Data science combines statistics, artificial intelligence (AI), scientific methods, and data analysis. Different companies rely on data when making business decisions. Especially at this point in time where data volumes are massive and are mostly available for everyone.
Data are collected through different channels of technologies and companies thrive on storing these valuable data, but it takes an expert to be able to analyze and provide insights into these; that’s where data scientists come in. Data Scientists showcase trends and insights to help companies make an informed business decision. Through these data, companies are able to determine processes, systems, and products that work and what needs improvement.
Data scientists are one of the highest-paid IT roles in the industry. The demand for data scientists has climbed up for the past years. According to Glassdoor, the pay range of a data scientist in Ontario is from CA$70,000 to CA$116,000 and the average base pay of CA$90,855 per year.
Being a data scientist has more to it than sorting, cleaning, and understanding data; there is also a requirement in being able to apply different techniques like machine learning, artificial intelligence, and statistical modeling.
Essential Skills for a Data Scientist
Statistics is very important for a data scientist. Data-driven companies where stakeholders depend on data for decision-making heavily rely on data scientists.
With programming, you are able to manipulate data and apply algorithms to come up with insights. Data scientists do not need to be experts in the matter but should be comfortable enough working with it. Python and R are the most used programming languages by data scientists.
Visualization is an essential of data science. It is the gateway to create more meaningful information. This is also the part where data scientists tell the story based on the data they have gathered. Pie charts, histograms, heat maps, etc. can be used for your visualizations. The common tools used in this are Tableau and Power BI.
Through machine learning, you are able to build predictive models. This is helpful for organizations that manage huge amounts of data. Machine learning includes K-nearest neighbors, Random Forests, Regression Models, and so on.

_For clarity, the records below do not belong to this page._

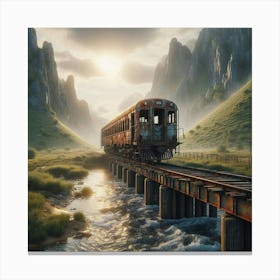 Train Crossing The River Canvas Print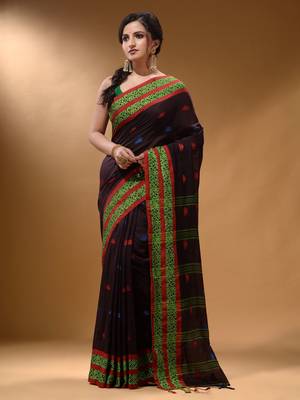 Dark Chocolate Cotton Handspun Soft Saree With Nakshi Border 1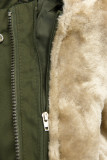Khaki parka s odnímateľným futrom a kožušinou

Data wrangling is where data scientists clean and unify a mess and complex sets of data. This is the part where you have to understand how to deal with the imperfections in data and prepare it for further analysis.
It is always a good asset to have a software engineering background. Writing clean and good-quality codes can help you in collaborating with other team members.
Tools for Data Scientists
It is also essential for data scientists to master several tools that will enable them to efficiently work through different data sets.

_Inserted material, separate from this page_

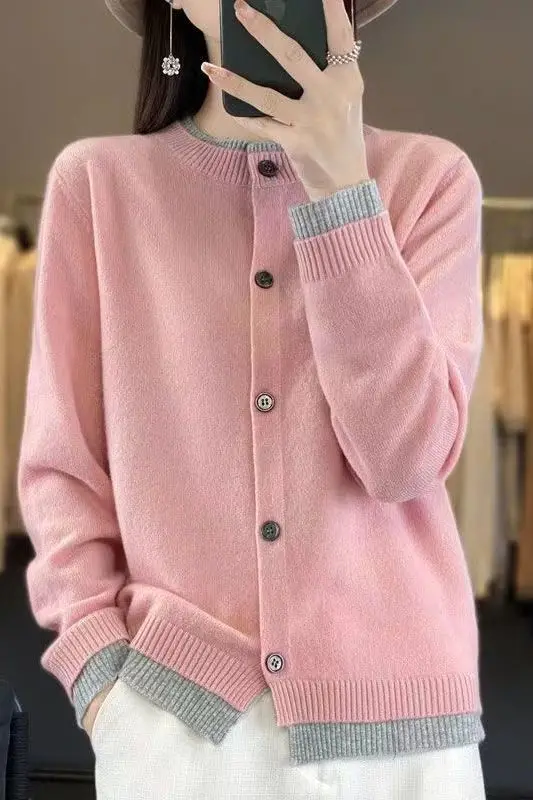 Herbst und Winter Zweiteilige Pullover mit Rundhalsausschnitt Lässige und vielseitige modische Strickjacken Jacken Langarmoberteile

Kaggle has recently conducted a survey for data science in their 2020 Kaggle Data Science and Machine Learning Survey. This shows us the top programming languages used by data scientists. Getting the top spot is Python, followed by SQL and R.
For machine learning, the most common machine learning frameworks are Scikt-learn, Tensor-Flow, and Keras.
While for cloud computing platforms, Amazon Web Services (AWS) takes the top spot then followed by Google Cloud Platform (GCP) and Microsoft Azure.